Community residents and activists are applauding a long-awaited decision to ban Toronto Police officers from the hallways of Canada’s largest school board.
Trustees of the Toronto District School Board (TDSB) voted a whopping 18 to 3 last Wednesday in favour of cancelling the controversial School Resource Officer (SRO) program, in which officers were stationed in 45 public schools.
The results of the vote was greeted with cheers and applause from the more than 100 concerned parents and spectators who had gathered for the lengthy meeting.
Members of the community had been warning that the presence of armed police officers on school grounds had undermined some of the city’s most vulnerable youth.
“We have heard loud and clear that the SRO program is not welcome by a significant number of our students and that’s why we’ve made the difficult decision to end the program,” Robin Pilkey, chair of the board, said in a statement afterwards.
Trustee Marit Stiles was one of those who voted to cancel the program.“I think it’s a really important moment,” Stiles told reporters. “The community has been telling us all along the program has been problematic.”
The decision followed recommendations by TDSB staff, who called for a termination of the program due to results of a six-week review and input from thousands of students, staff, parents and community members.
The survey was completed by 15,500 students with police in their schools.
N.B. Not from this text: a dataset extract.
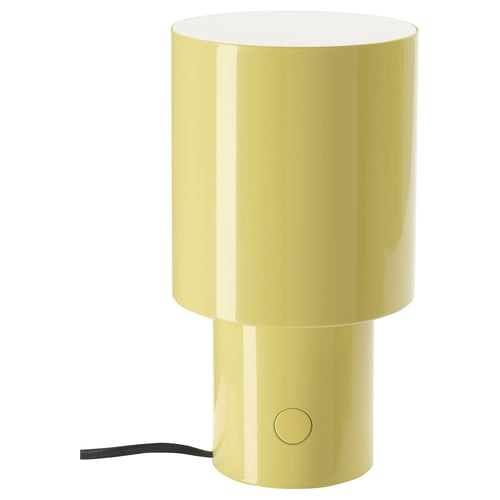 This image shows a yellow SPETSBOJ table lamp. Its cylindrical with a glossy finish, featuring a round switch on its side.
It found that a majority of teens reported being satisfied with the SRO program, or had no opinion. TDSB staff concluded that the thousands of students who said that having officers at school made them feel uncomfortable, intimidated and targeted were too significant to dismiss.
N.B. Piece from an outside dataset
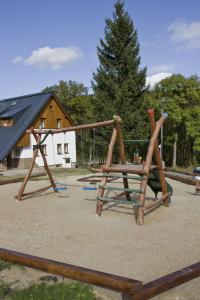 a playground with a wooden swing set in a park at Chata Nisanka in Bedřichov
The program is still operating in about two-thirds of the Toronto Catholic District School Board’s secondary schools and similar programs are in place in other Ontario cities.
The SRO program was launched in 2008, one year after Grade 9 student Jordan Manners was shot and killed at C.W. Jefferys Collegiate. He was 15.
The program has drawn sharp criticism from groups as Black Lives Matter Toronto (BLMTO), which has made demands to scrap it as one measure to address anti-black racism in the education system.
The group, in a statement, called the TDSB decision historic and one that creates new possibility for Black children,
“Ten years of ongoing resistance, community engagement, data collection and consultation-fatigue have resulted in the interruption of the school-to-prison pipeline,” BLMTO members said.
They called for an end of all SRO programs operating in schools across Ontario.
The Toronto Police Services Board (TDSB) will also decide in a meeting later this month whether to continue with the program.
The Board has called on Ryerson University to conduct an assessment of the SRO program.
Protests by Black Lives Matter last June delayed a debate on the fate of the program, after which the TPSB voted to defer its decision until December.
The end of the SRO program means officers posted to TDSB high schools last year will not return there for regular duties. They had not been in schools this year because the board suspended the SRO program in August pending its review.
The move has angered Toronto Police Association president Mike McCormack who claimed it was “anti-police” and a big loss for students and the policing community.
Mayor John Tory called the TDSB decision “unfortunate” because they were made before the Ryerson assessment was concluded.
The TDSB is the largest school board in Canada and one of the largest in North America with nearly 600 schools. It has more than 38,000 staff members who serve some 246,000 students each year.
Almost 25% of its students were born outside Canada and speak more than 120 languages. It has more than 1,700 international students, according to board information.